To the extent Jupiter seeks relief from the District Attorney for actions undertaken during the proceedings related to his second degree rape conviction, it is clear that these actions occurred while Bailey engaged in activities intimately associated with the judicial phase of the criminal process. This is conduct for which Bailey is entitled to absolute immunity. Buckley, 509 U.S. at 273; Burns, 500 U.S. at 493. Thus, Jupiter's claims against District Attorney Daryl Bailey are due to be dismissed pursuant to the directives of 28 U.S.C. § 1915(e)(2)(B)(i) and (iii). In addition, Jupiter is entitled to no declaratory or injunctive relief against defendant Bailey for any alleged adverse action related to the conviction and sentence imposed upon him by the Circuit Court of Montgomery County, Alabama.

C. The Challenge to Plaintiff's Conviction and Sentence

Insofar as Jupiter presents a claim which goes to the fundamental legality of his second degree rape conviction and the resulting sentence on which he is now incarcerated, he is entitled to no relief on this claim. Edwards v. Balisok, 520 U.S. 641, 646 (1997); Heck v. Humphrey, 512 U.S. 477 (1994); Preiser v. Rodriguez, 411 U.S. 475, 500 (1973).

In Heck, the Supreme Court held that claims challenging the legality of a prisoner's conviction or sentence are not cognizable in a 42 U.S.C. § 1983 action "unless and until the conviction or sentence is reversed, expunged, invalidated, or impugned by the grant of a writ of habeas corpus," and therefore complaints bringing these claims must be dismissed. Heck, 512 U.S. at 489. The relevant inquiry is "whether a judgment in favor of the plaintiff would necessarily imply the invalidity of his conviction or sentence[.]" Heck, 512 U. S. at 487; Balisok, 520 U.S. at 648 (holding that inmate's claims for declaratory judgment, injunctive relief or monetary damages which "necessarily imply the invalidity of the punishment imposed, [are] not cognizable under § 1983"). The rule of Heck is not limited to a request for damages, but is equally applicable to an inmate's request for declaratory judgment or injunctive relief. Id. "It is irrelevant that [the plaintiff] disclaims any intention of challenging his conviction [or sentence]; if he makes allegations that are inconsistent with the [action] having been valid, Heck kicks in and bars his civil suit." Okoro v. Callaghan, 324 F.3d 488, 490 (7th Cir. 2003) (citing Balisok, 520 U.S. at 646-48).

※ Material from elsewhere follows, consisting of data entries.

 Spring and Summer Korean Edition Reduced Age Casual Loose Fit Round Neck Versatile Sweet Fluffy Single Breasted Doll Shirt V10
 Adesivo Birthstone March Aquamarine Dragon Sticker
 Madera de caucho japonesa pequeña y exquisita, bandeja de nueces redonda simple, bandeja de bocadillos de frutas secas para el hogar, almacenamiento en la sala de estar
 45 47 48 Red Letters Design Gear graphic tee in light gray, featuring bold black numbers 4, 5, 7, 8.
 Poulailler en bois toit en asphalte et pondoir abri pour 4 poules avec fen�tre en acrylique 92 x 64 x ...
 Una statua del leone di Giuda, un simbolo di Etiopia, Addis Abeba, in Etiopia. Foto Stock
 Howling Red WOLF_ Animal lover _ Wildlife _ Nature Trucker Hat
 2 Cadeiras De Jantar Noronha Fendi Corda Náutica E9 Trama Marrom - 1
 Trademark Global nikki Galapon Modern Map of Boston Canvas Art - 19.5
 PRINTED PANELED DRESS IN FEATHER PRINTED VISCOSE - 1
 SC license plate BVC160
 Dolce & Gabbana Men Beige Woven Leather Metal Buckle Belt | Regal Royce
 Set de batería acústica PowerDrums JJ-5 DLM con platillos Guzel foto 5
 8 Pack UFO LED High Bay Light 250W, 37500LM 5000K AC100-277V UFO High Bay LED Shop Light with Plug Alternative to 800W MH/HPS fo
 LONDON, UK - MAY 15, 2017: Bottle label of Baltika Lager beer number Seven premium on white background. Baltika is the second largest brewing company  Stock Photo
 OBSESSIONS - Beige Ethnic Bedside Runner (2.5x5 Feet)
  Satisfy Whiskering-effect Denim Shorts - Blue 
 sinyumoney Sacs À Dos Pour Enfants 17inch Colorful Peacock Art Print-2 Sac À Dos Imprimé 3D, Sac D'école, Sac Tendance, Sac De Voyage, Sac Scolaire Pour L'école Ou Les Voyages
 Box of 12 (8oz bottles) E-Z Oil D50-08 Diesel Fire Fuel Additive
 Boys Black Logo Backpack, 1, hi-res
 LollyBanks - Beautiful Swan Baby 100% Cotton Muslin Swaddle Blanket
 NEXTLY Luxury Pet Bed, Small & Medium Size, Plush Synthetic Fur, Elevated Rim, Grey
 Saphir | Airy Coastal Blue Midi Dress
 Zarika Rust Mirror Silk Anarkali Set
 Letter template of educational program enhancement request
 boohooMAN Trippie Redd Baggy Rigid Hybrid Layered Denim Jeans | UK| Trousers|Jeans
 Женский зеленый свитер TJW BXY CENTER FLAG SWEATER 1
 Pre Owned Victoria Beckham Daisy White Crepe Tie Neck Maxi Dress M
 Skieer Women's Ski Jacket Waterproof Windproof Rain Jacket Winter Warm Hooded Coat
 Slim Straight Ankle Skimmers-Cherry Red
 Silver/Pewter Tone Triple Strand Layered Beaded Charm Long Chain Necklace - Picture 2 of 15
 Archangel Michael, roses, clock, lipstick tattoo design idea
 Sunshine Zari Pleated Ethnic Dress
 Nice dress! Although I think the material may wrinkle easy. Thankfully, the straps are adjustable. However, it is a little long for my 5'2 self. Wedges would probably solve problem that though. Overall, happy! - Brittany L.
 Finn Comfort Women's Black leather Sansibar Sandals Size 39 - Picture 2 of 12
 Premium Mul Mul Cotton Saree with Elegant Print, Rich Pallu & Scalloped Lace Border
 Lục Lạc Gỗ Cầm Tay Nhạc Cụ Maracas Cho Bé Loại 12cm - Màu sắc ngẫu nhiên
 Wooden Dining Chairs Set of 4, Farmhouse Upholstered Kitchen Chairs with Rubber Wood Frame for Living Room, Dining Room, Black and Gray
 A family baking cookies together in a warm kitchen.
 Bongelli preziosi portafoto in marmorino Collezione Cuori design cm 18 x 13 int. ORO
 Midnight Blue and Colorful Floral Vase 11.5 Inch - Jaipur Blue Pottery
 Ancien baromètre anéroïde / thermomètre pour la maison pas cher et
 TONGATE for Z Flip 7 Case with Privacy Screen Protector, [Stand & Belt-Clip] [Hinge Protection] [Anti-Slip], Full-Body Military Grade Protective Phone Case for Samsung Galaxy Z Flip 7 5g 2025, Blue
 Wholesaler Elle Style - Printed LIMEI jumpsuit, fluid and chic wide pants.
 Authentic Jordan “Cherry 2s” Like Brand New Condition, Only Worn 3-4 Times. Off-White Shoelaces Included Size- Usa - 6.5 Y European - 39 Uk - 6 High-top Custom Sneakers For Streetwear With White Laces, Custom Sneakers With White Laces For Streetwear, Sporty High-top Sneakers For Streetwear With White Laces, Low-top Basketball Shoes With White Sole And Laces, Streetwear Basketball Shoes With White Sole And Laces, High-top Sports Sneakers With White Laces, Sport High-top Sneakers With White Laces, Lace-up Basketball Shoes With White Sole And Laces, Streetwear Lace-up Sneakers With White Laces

"[H]abeas corpus is the exclusive remedy for a state prisoner who challenges the fact or duration of his confinement and seeks immediate or speedier release, even though such a claim may come within the literal terms of § 1983." Heck, 512 U.S. at 481; Balisok, 520 U.S. at 645 (holding that the "sole remedy in federal court" for a prisoner challenging the constitutionality of incarceration on a sentence of a state court is a petition for writ of habeas corpus); Okoro, 324 F.3d at 490 (holding that Heck directs that a state inmate "making a collateral attack on [the basis for his incarceration] . . . may not do that in a civil suit, other than a suit under the habeas corpus statute"). Moreover, an inmate "cannot seek to accomplish by a section 1983 declaratory judgment what he must accomplish solely through a writ of habeas corpus." Jones v. Watkins, 945 F. Supp. 1143, 1151 (N.D. Ill. 1996); Miller v. Ind. Dept. of Corrs., 75 F.3d 330, 331 (7th Cir. 1996) (holding that under Heck, "[t]he [determinative] issue . . . is not the relief sought, but the ground of the challenge"); Cook v. Baker, 139 F. App'x 167, 169 (11th Cir. 2005) (advising that the "exclusive remedy" for a state inmate's claim challenging the basis for or validity of his incarceration "is to file a habeas corpus petition pursuant to 28 U.S.C. § 2254"). The Supreme Court emphasized "that a claim either is cognizable under § 1983 and should immediately go forward, or is not cognizable and should be dismissed." Balisok, 520 U.S. at 649; Robinson v. Satz, 260 F. App'x 209, 212 (11th Cir. 2007) (noting that "the Supreme Court [previously] reviewed its prior holdings in this area and summarized that a state prisoner's § 1983 action is barred (absent previous invalidation [of his conviction or sentence])—no matter the relief sought (damages or equitable relief), no matter the target of the prisoner's suit (state conduct leading to conviction or internal prison proceedings)—if success in that action would necessarily demonstrate the invalidity of confinement or its duration") (citing Wilkinson v. Dotson, 544 U.S. 74, 81-82 (2005)) (internal quotation marks omitted).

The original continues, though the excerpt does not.